Marriott begins tender for up to $800 million notes from three series

By Marisa Wong

Los Angeles, Sept. 8 – Marriott International, Inc. has begun an offer to purchase for cash up to $800 million aggregate principal amount of notes from three series, according to a news release.

Marriott is offering to purchase notes from the following series, listed in order of acceptance priority level:

• $1.6 billion outstanding 5.75% series EE notes due April 1, 2025 (Cusip: 571903BD4), with pricing based on the 0.75% U.S. Treasury due Aug. 31, 2026 and a fixed spread of 45 basis points;

• $350 million outstanding 3.75% series P notes due July 1, 2025 (Cusip: 571903AP8), with pricing based on the 0.75% U.S. Treasury due Aug. 31, 2026 and a fixed spread of 50 bps; and

• $317.83 million outstanding 3.75% series V notes due Dec. 15, 2024 (Cusip: 571903AW3), with pricing based on the 0.75% U.S. Treasury due Aug. 31, 2026 and a fixed spread of 45 bps.

Pricing will be determined at 10 a.m. ET on Sept. 22.

The total consideration includes an early tender premium of $30 per $1,000 principal amount of notes tendered by 5 p.m. ET on Sept. 21, the early tender time and withdrawal deadline.

Holders who tender their notes after the early tender time will be eligible to receive only the tender offer consideration, which is the total consideration less the early tender premium.

In addition to the total consideration or tender offer consideration, as applicable, the company will also pay accrued interest to but excluding the settlement date.

The offer expires at 11:59 p.m. ET on Oct. 5.

Settlement for early tendered notes is expected to be on Sept. 23. Final settlement is slate for Oct. 7.

If the amount of notes tendered by the early tender time exceeds the offer cap, tendered notes may be accepted on a prorated basis.

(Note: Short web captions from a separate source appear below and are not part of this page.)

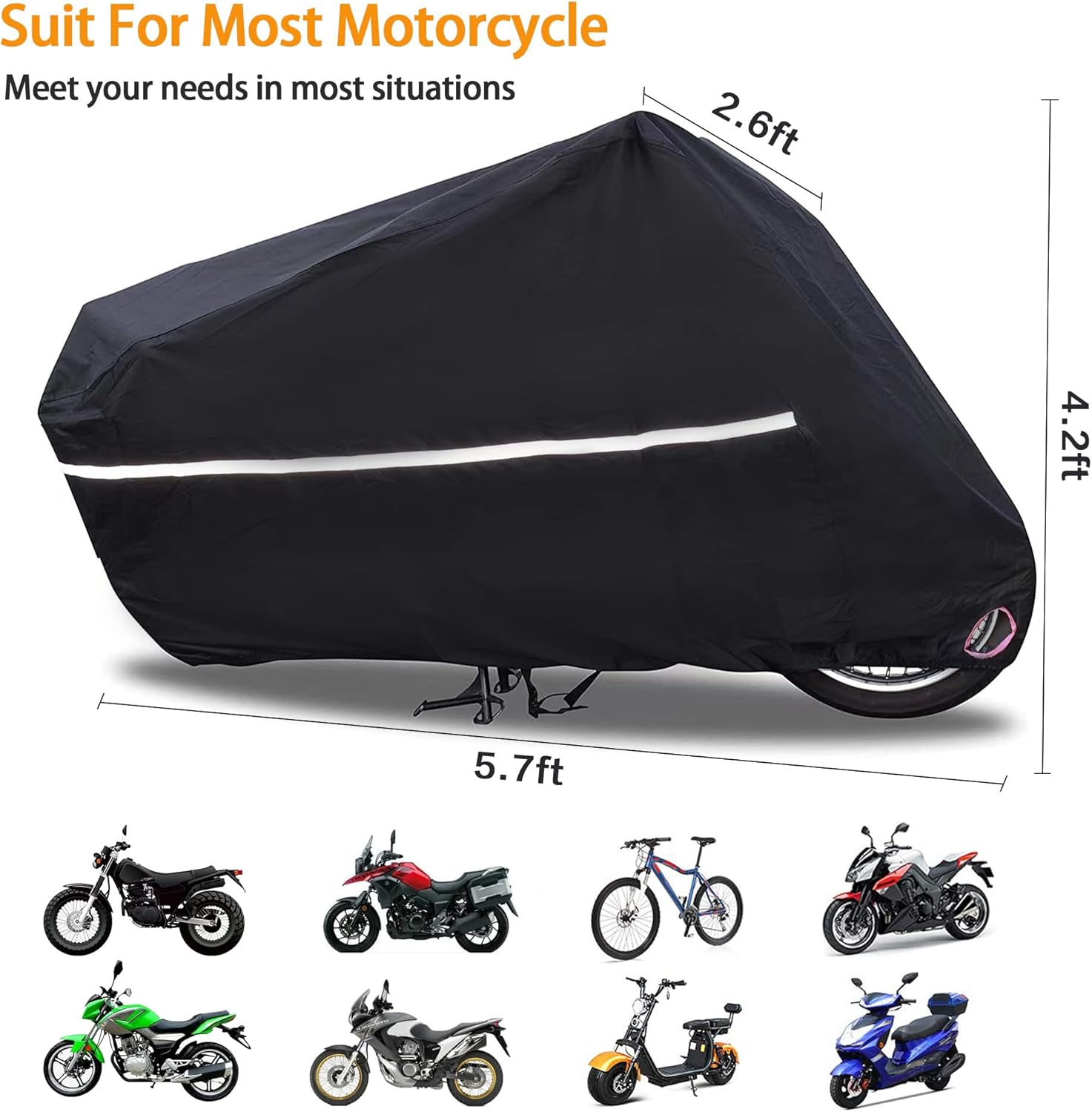 Funda grande para motocicleta, duradera para todas las estaciones, fundas impermeables para scooter con agujeros de bloqueo y bolsa de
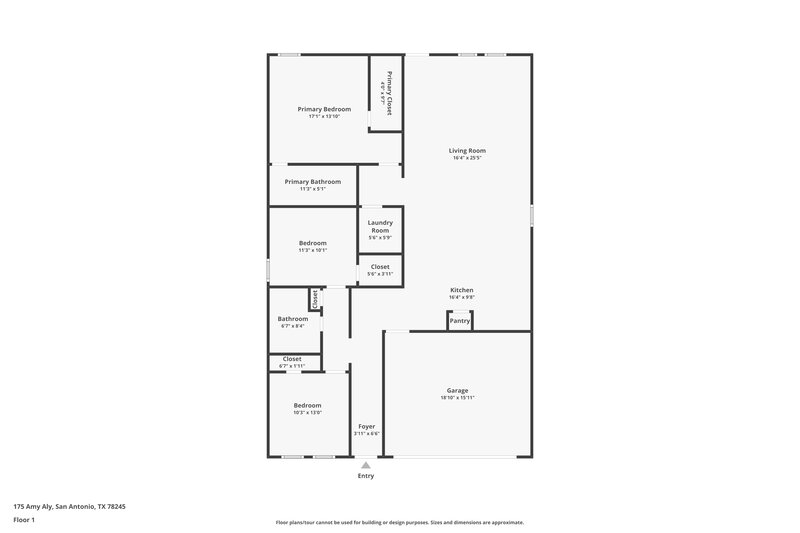 1,530/Mo, 175 Amy Aly San Antonio, TX 78253 Floor Plan View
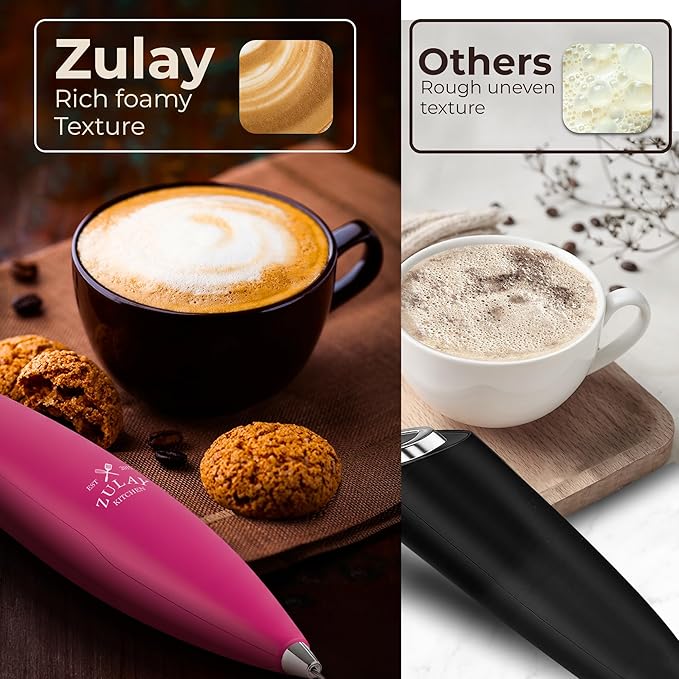 Zulay Kitchen Powerful Milk Frother Wand With Duracell Batteries - Ultra Fast Handheld Drink Mixer - Electric Whisk Foam Maker for Coffee, Lattes, Cappuccino & Matcha - Triple Whisk - Magenta Gold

Furthermore, if the aggregate amount of early tendered notes exceeds the offer cap, holders who tender their notes after the early deadline will not have any of their notes accepted for purchase, regardless of acceptance priority level.

Marriott said it reserves the right to increase the offer cap.

The offer is conditioned on, among other things, Marriott receiving by the early settlement date at least $500 million of net proceeds from its sale of a new series of notes. Marriott may waive this financing condition in whole or in part.

The purpose of the tender offer and the new notes is to manage the maturity profile of Marriott’s debt portfolio and extend maturities.

Deutsche Bank Securities Inc. (866 627-0391 or 212 250-2955) and Goldman Sachs & Co. LLC (800 828-3182 or 212 357-1452) are the dealer managers for the tender offer.

D.F. King & Co., Inc. (800-859-8511 or 212-269-5550; MAR@dfking.com; http://www.dfking.com/MAR) is the tender and information agent.

The hotel company is based in Bethesda, Md.